16. BARRY LEVINSON (Rain Man, Avalon). 'I Remember Mama is completely outside the zone of things we want to embrace at this time. Because it's sentimental, we discard it. The title alone makes you want to stick your finger down your throat. But it's actually extremely well directed by George Stevens. Irene Dunne gives an exceptional performance, and the film really captures the feeling of a first generation American family."

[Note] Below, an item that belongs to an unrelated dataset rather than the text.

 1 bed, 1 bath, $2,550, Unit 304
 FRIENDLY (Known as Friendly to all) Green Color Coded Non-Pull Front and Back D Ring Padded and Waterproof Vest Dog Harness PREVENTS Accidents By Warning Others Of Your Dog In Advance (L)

17. ADRIAN LYNE (Fatal Attraction, Lolita). ''Brief Encounter was admired when it first came out, but people never seem to speak of it today. They talk of David Lean's other movies--the Dickens films and Lawrence of Arabia. But I think Brief Encounter is his best picture. It's the most glorious love story. There's a particular shot that I love, when Trevor Howard has left for the last time, and Celia Johnson runs out onto the platform with the thought of suicide. The camera starts to tilt and keeps tilting, so that you think you're inside her head. I don't know how he got that shot. I met David Lean at Cannes one year, and I asked him about it. At first he claimed not to remember, but when I pressed him, he talked about another director who had ripped that shot off. Lean wasn't the nicest man, but Brief Encounter is still a devastating movie."

18. JOHN FRANKENHEIMER (Andersonville, Seconds). "The Battle of Algiers is unknown today except among real cinephiles. Even most directors have never heard of it. I think the movie has been completely forgotten. But it was never that well-known in this country except among a very highbrow art-house crowd. It's the definitive movie using documentary technique in drama. Pontecorvo did a brilliant job. I run it for every crew before I start a movie,"

19. JAMES TOBACK (screenwriter, Bugsy; writer-director, Fingers). "I like two movies from Charles Bukowski's writings, Barfly and Tales of Ordinary Madness. Both of them are completely uncharacteristic of what movies are supposed to be. They're about what happens after you fall through the bottom, in other movies about characters on the edge of disaster, they usually prevail. In those two movies, by contrast, there's no resurrection. Both movies had directors with an acute, unsentimental feel for that world; it's interesting that both were non-Americans, Barbet Schroeder and Marco Ferreri. Barfly had a few cult supporters, but it came and went quickly. Tales of Ordinary Madness, on the other hand, was completely ridiculed and panned. I guess it's because falling through the bottom is not something most people want to look at. It's like averting your eyes from a homeless person."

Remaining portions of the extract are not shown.